Было бы небезынтересно проанализировать метод изображения этого всенародного энтузиазма, снятого или даже придуманного — в данном случае это не имеет особого значения — очевидцем и участником событий, сравнив его с одним из культовых фильмов периода «оттепели» — картиной Михаила Швейцера «Время, вперед!». Но это увело бы нас достаточно далеко в сторону от избранной темы, тем более что картина Швейцера будет подробно проанализирована в соответствующей главе книги.

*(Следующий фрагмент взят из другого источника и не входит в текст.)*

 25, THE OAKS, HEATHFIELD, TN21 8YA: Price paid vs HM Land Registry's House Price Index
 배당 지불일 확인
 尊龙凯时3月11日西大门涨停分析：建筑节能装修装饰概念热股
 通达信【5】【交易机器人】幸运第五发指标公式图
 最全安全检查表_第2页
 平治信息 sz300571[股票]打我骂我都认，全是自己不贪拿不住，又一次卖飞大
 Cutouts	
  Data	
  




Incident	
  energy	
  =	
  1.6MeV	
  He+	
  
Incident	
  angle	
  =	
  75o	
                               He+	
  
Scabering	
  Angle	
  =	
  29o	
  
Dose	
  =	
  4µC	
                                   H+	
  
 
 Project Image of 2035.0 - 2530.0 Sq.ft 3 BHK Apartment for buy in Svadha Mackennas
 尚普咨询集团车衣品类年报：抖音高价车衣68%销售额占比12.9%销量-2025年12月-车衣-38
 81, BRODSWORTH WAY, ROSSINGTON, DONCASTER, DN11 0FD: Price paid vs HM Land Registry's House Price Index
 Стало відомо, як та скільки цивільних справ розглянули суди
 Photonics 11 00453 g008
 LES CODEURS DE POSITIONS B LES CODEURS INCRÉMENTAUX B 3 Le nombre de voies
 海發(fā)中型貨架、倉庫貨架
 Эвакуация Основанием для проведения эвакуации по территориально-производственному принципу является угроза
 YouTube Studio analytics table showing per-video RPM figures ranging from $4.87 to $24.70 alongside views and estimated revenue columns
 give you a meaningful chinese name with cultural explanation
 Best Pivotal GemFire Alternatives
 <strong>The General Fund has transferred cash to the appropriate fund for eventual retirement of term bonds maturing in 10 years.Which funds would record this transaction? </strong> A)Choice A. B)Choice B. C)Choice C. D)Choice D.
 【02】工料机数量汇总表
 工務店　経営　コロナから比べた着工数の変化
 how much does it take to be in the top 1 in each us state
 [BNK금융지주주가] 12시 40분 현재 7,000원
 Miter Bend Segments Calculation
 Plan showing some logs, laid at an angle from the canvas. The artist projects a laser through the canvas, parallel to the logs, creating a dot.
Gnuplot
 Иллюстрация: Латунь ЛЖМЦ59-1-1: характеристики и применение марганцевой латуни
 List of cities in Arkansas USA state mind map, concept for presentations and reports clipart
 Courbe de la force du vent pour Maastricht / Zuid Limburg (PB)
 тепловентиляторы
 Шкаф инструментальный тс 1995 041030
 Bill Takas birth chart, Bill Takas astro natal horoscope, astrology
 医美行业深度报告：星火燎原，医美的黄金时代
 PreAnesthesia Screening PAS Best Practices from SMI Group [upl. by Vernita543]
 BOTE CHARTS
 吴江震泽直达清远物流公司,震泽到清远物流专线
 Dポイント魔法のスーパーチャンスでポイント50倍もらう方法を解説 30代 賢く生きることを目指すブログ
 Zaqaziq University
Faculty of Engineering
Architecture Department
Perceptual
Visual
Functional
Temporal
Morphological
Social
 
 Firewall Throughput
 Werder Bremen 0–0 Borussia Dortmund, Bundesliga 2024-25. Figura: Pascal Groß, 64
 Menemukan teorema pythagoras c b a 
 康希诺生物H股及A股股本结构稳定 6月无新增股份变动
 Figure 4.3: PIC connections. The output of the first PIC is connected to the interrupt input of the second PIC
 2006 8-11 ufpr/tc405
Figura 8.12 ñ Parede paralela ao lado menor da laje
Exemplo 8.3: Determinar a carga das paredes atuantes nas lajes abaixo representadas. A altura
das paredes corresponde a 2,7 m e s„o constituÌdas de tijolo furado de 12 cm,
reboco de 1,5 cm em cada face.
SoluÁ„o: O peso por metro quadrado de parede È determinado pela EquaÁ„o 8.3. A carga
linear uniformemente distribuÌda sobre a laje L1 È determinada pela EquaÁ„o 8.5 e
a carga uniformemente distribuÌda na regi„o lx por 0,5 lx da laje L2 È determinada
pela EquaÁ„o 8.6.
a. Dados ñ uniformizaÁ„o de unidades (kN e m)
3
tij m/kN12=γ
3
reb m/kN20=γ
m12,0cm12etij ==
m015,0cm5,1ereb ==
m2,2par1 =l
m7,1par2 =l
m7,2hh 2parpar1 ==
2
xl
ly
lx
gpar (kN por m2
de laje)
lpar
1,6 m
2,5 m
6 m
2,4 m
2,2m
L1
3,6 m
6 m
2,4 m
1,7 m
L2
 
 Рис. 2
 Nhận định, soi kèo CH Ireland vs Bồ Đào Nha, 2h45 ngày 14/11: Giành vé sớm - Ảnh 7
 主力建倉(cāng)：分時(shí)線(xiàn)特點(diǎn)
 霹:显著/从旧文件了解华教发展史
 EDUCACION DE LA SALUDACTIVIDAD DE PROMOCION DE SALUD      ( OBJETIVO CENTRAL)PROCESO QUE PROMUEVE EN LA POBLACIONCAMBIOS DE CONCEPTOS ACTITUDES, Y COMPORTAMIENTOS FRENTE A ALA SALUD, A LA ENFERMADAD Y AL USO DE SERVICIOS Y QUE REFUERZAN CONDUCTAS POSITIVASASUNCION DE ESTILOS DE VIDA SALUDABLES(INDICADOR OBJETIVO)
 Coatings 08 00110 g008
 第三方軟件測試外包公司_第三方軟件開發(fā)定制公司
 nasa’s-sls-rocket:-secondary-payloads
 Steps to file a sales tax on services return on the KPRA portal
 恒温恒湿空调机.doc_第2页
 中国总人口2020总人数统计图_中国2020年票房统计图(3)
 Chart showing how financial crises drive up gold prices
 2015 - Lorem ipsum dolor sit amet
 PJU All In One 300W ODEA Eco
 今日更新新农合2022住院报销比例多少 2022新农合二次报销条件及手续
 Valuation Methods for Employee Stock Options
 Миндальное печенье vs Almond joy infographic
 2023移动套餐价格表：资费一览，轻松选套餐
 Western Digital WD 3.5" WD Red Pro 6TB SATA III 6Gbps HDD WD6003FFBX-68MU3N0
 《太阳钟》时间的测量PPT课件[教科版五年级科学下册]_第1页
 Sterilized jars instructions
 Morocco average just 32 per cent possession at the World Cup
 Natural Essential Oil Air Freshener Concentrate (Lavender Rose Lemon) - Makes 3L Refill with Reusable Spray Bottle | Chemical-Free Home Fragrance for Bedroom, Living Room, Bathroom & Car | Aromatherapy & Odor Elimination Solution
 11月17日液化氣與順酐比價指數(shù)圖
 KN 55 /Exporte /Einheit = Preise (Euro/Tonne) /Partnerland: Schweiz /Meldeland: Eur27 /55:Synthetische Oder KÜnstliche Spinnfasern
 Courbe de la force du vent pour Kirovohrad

Ибо речь здесь должна была идти об уникальном социальном эксперименте, теоретически обоснованном принятым в ту ленинско-сталинскую пору представлением о еврействе как о чем-то нереальном, как об этнографическом курьезе, не имеющем четко сформулированных национальных критериев в виде общности территории, языка и чего-то еще, запамятовал я эту гениальную формулу. Об эксперименте, подтверждающем полное и окончательное замещение советского еврейства как пережитка минувшей эпохи классовой парадигмой нового мира, иначе говоря — полное замещение национальности социальностью, еще иначе — замещение генетического навязанным извне.